Uniswap, one of DeFi’s leading lending protocols, conducted a massive 150 million token Airdrop campaign with 78% sold out and traded rate of all rewarded tokens. The loyalty bonus was Airdropped overnight, while prices for Uniswap subsequently spiked to $8 at the time of distribution.
After the Airdrop distribution, the large quantity of sold and exchanged UNI tokens caused the token price to decrease drastically.
Data from Dune analytics shows that as much as 191,371 users are eligible to receive their UNI tokens rewards. The total number of the traded UNI tokens is over 117.4 million, or 78% of the total reward pool.
The largest amount of UNI tokens, however, was claimed on Thursday, September 17, with trading stats dropping ever since. Despite that, there are nearly 30 million UNI tokes that still remain unclaimed by users.
Dune analytics also made a comparison with one of the tech industry’s biggest companies, Apple. According to the on-chain analytics provider, only 17 percent of iOS users installed the new operating system in the same period.

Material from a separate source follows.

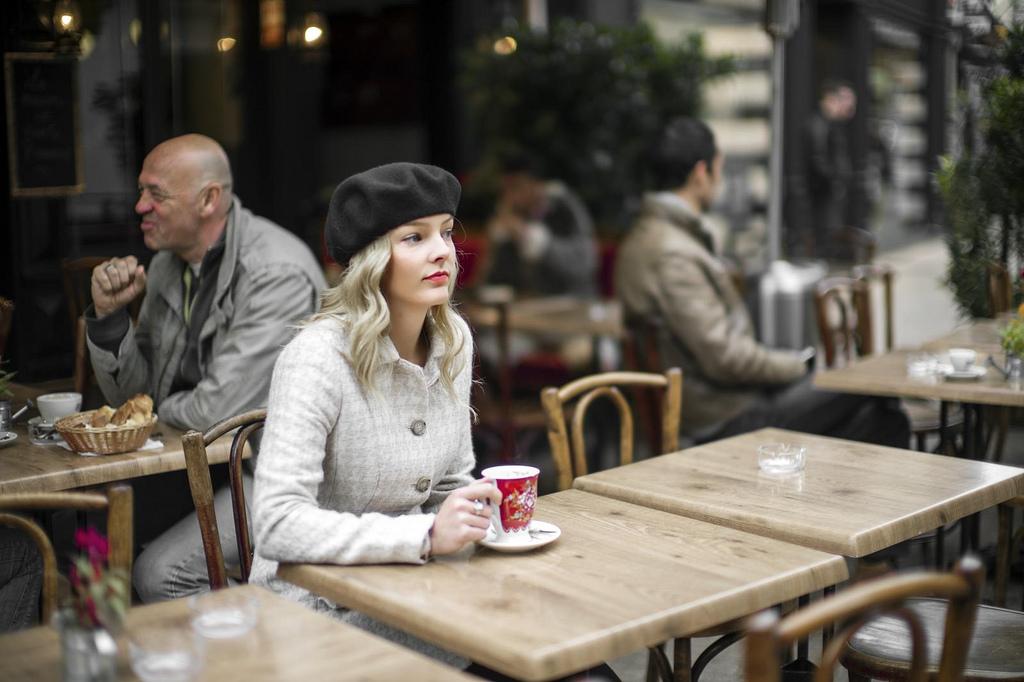 Free "Real Life" French Language Learning Videos with Bilingual Subtitles (English and French) Free "Real Life" French Language Learning Videos with Bilingual Subtitles (English and French)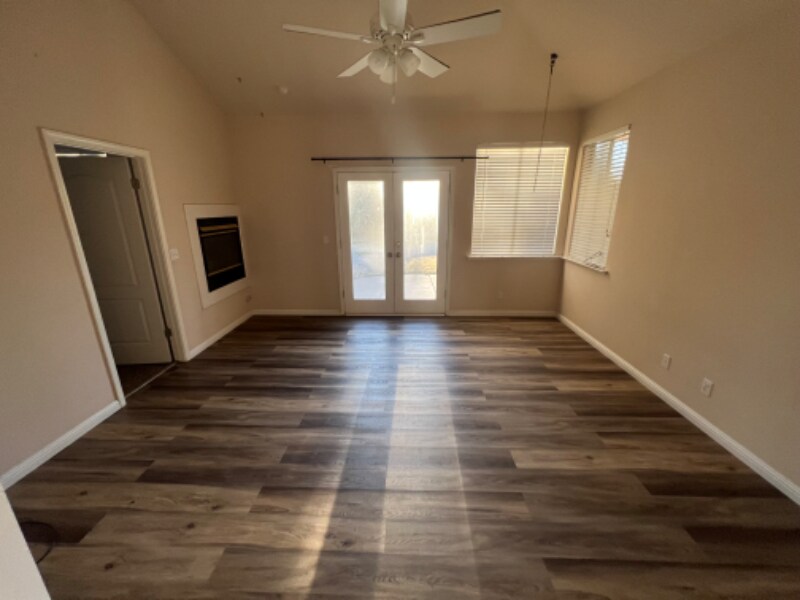 Building Photo - 7563 N Carnegie Ave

“Beyond the 83,333.33 UNI per pool per day (four pools) for liquidity mining it seems fair to assume that circulating supply is now going to be fairly stable in the next couple of months,” the analytics provider stated.
At the time of writing, at least $1.46 billion were distributed across the four UNI liquidity pools, with ETH/WBTC being the most popular with 30% of the total value.
Meanwhile, the price per UNI token started surging and is currently a little over $5, as the crypto market regained the losses after a week of downwards momentum. The token climbed from a low of $3.70 on September 22, reaching the current level of $5.03 as of press time.
Looking at the total value locked (TVL) levels, Uniswap dropped the leadership to take the second spot on the DeFi ecosystem with a TVL of $1.87 billion, according to data from DeFi Pulse. The leader, Maker, regained a top position with a market share of 18 percent.